Schizophrenia is a severe form of mental illness classified in the DSM IV-TR as a Psychotic disorder. It is characterize by broad impairments in cognition that place limitations on recovery (Eack, 2012, p. 235). Antipsychotic drugs are the first line of treatment for Schizophrenic patients, but come with adverse side-effects and many patients are treatment-resistant (Tandon, Nasrallahb, & Keshavanc, 2010). Adjunct treatments that focus on cognition and coping with stress, along with the antipsychotics have shown to be more effective (Sungur, Soyguur, Guuner, Uustuun, Cetin, & Falloon, 2011). Dopamine is a phenethylamine naturally produced by the human body. In the brain, dopamine functions as a neurotransmitter, activating the five types of dopamine receptor - D1, D2, D3, D4 and D5, and their variants. Dopamine is produced in several areas of the brain, including the substantia nigra. Dopamine is also a neurohormone released by the hypothalamus. Its main function as a hormone is to inhibit the release of prolactin from the anterior lobe of the pituitary.

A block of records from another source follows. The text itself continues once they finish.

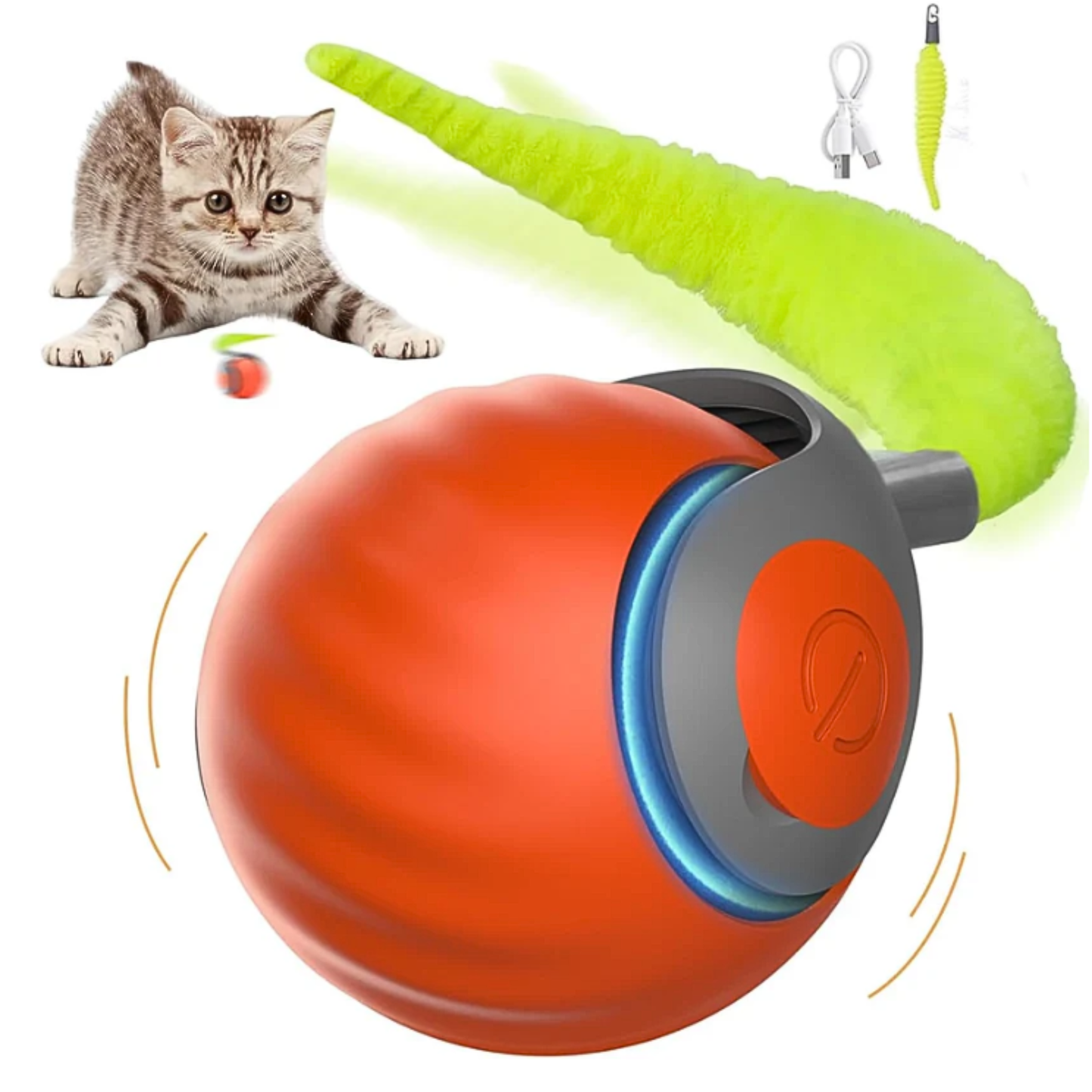 Felineo™ Powerball 2.0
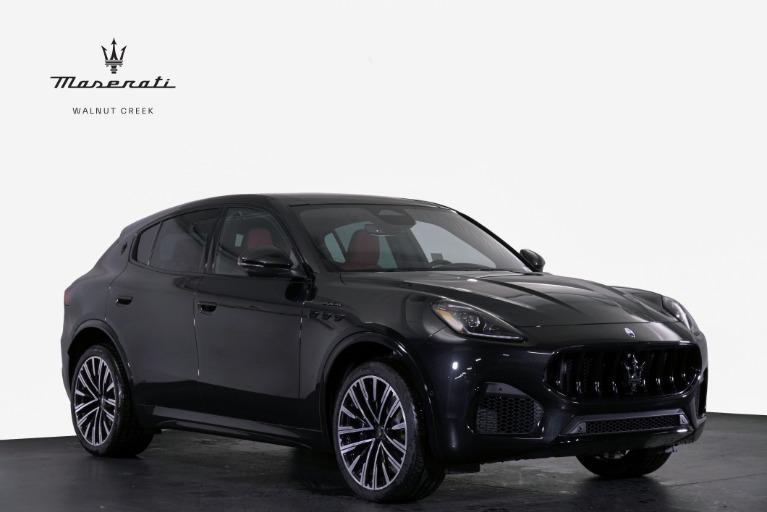 New 2025 Maserati Grecale Modena for sale $81,950 at Aston Martin Walnut Creek in Walnut Creek CA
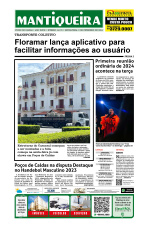 Mantiqueira - Edição de 02 de fevereiro de 2024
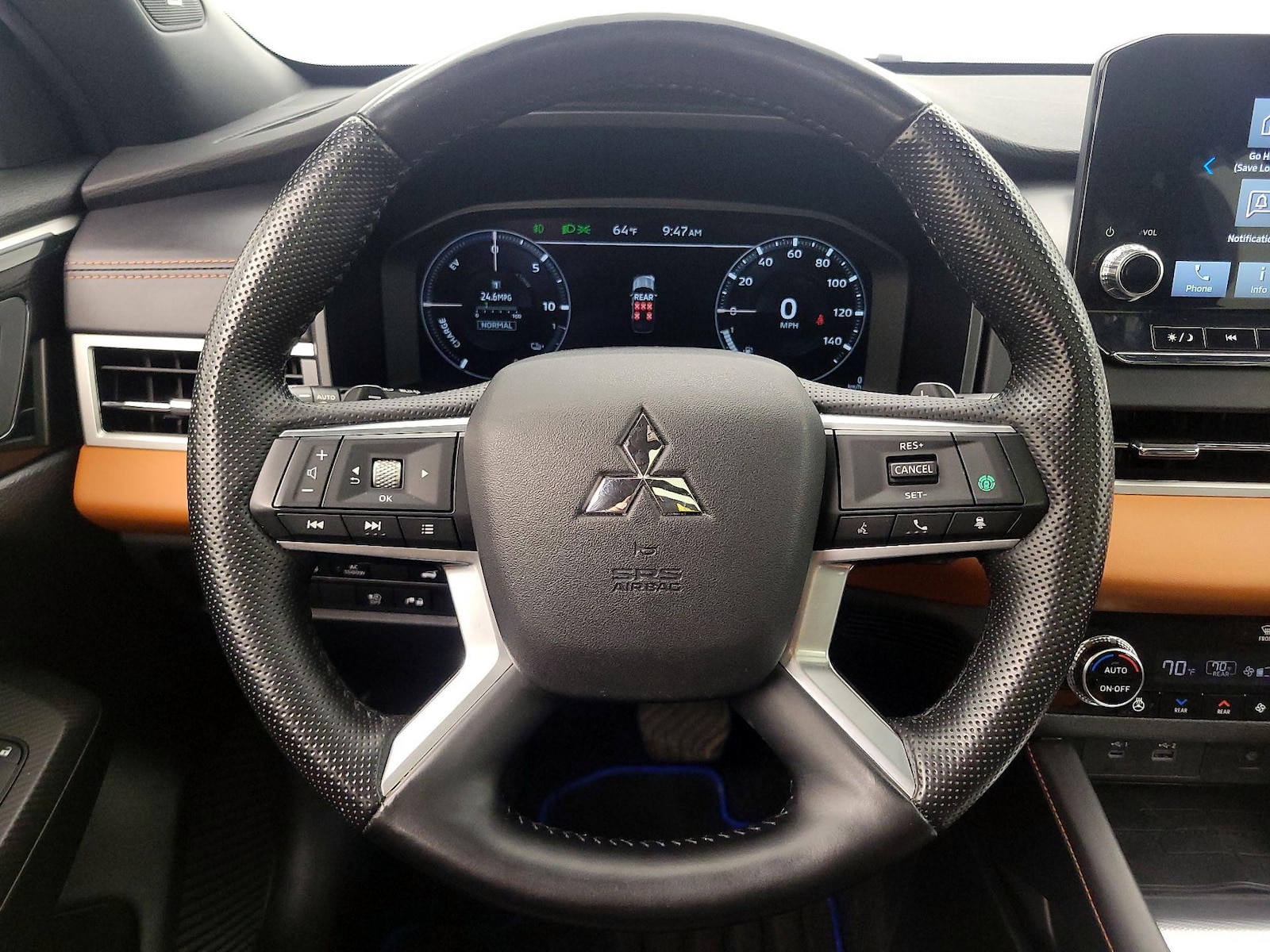 2025 Mitsubishi Outlander Plug-in Hybrid SEL - Photo 11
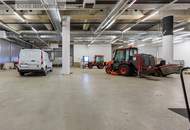 Großzügige Büro- und Hallenkombination mit idealer Anlieferung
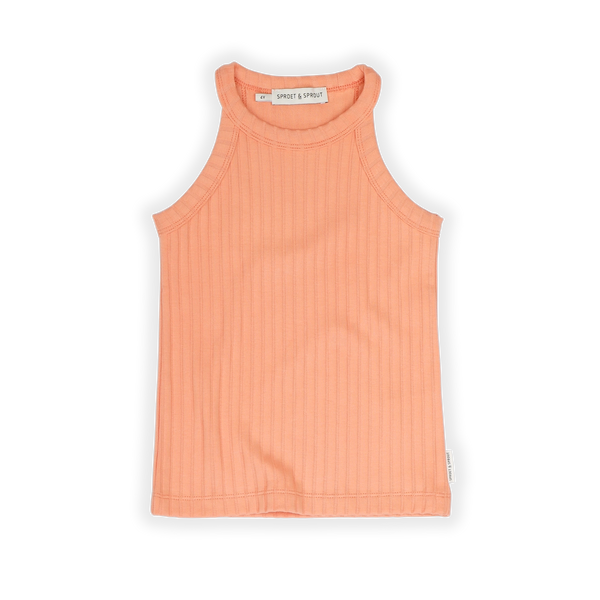 Sproet & Sprout Halter Singlet Girls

Antipsychotic treatment in Schizophrenia
Antipsychotic drugs are built around the theory that schizophrenia is caused by an overactive dopamine system (Gigante, Lafer, & Yatham, 2012). This theory comes from the observation that amphetamines, which stimulate dopamine receptors, induce a psychotic state similar to schizophrenic symptoms. Dopamine functions as a neurotransmitter, activating five different types of receptors, called D1, D2, D3 ,D4, and D5. Dopamine is produced in several areas in the brain, such as the substantia nigra and releases as a neurohormone by the hypothalamus. Dopamine's main function as a hormone is to inhibit the release of proalctin from the anterior lobe of the pituitary. Dopamine receptors are responsible for many neurological processes, including motivation, pleasure, memory, learning, fine motor control, and cognition. Other neurotransmitter systems show evidence that they aid in schizophrenic symptoms, such as the dysfunction of glutamate, serotonin, and GABA systems (Jafari, Fernandez-Enright, & Huang, 2012). The hyperactivity of dopamine receptors in the mesolimbic pathway is responsible for the positive symptoms of Schizophrenia and the hypo-activity of the prefontal dopamine neurons may contribute to the negative and cognitive symptoms of schizophrenia. Clinically effective antipsychotics reverse the locomotor stimulating effects of amphetamine by antagonizing the mesolimbic dopamine receptors (Matthew, David, James, & Kjell). These drugs that block the post synaptic D2 dopamine receptors are the general treatment for Schizophrenia and are divided into first generation antipsychotics and the newer, second generation antipsychotics First generation antipsychotics blocks the D2, muscarinic, cholinergic, histaminergic, and adregneric receptors. Second generation antipsychotics have a broader range of receptors, which antagonizes the central serotonin receptors and blocks a range of dopamine receptors more weakly (Gardner & Bostwick, 2012). Side Effects of Antipsychotic Drugs

Although the antagonizing the dopaminergic system is therapeutically beneficial, it causes an array of side effects, especially problems with motor functioning. There are different side effects between the two types of drugs, where first generation drugs causes extra-pyramidal effects, or more commonly known as motor problems, such as the inability to move or the inability to not move. Second generation drugs causes weight gain, dyslipidemia (abnormal amount of lipids in the blood), and glucose intolerance (Bateman, 2012, p. 105-6). This reason for this difference is because first generation antipsychotics heavily block D2 receptors and second generation antipsychotics weakly block...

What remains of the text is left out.